- Entries provided -
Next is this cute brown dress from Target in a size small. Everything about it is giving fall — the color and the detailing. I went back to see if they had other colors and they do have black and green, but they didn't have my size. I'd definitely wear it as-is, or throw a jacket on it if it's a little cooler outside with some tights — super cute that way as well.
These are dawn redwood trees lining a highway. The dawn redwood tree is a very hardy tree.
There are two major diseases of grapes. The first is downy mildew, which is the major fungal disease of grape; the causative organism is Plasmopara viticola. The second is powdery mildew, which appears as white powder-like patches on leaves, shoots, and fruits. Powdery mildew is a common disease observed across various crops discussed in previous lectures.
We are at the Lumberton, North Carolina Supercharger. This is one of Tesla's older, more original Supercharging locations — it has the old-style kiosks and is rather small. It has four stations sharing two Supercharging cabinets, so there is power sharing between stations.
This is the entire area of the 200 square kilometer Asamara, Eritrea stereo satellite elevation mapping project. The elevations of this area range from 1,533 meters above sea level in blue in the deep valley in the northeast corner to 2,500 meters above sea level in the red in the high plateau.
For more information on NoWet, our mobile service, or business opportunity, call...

- Task requirements -
Please reproduce every line of the material word for word.

- Response for this exercise -
Next is this cute brown dress from Target in a size small. Everything about it is giving fall — the color and the detailing. I went back to see if they had other colors and they do have black and green, but they didn't have my size. I'd definitely wear it as-is, or throw a jacket on it if it's a little cooler outside with some tights — super cute that way as well.
These are dawn redwood trees lining a highway. The dawn redwood tree is a very hardy tree.
There are two major diseases of grapes. The first is downy mildew, which is the major fungal disease of grape; the causative organism is Plasmopara viticola. The second is powdery mildew, which appears as white powder-like patches on leaves, shoots, and fruits. Powdery mildew is a common disease observed across various crops discussed in previous lectures.
We are at the Lumberton, North Carolina Supercharger. This is one of Tesla's older, more original Supercharging locations — it has the old-style kiosks and is rather small. It has four stations sharing two Supercharging cabinets, so there is power sharing between stations.
This is the entire area of the 200 square kilometer Asamara, Eritrea stereo satellite elevation mapping project. The elevations of this area range from 1,533 meters above sea level in blue in the deep valley in the northeast corner to 2,500 meters above sea level in the red in the high plateau.
For more information on NoWet, our mobile service, or business opportunity, call...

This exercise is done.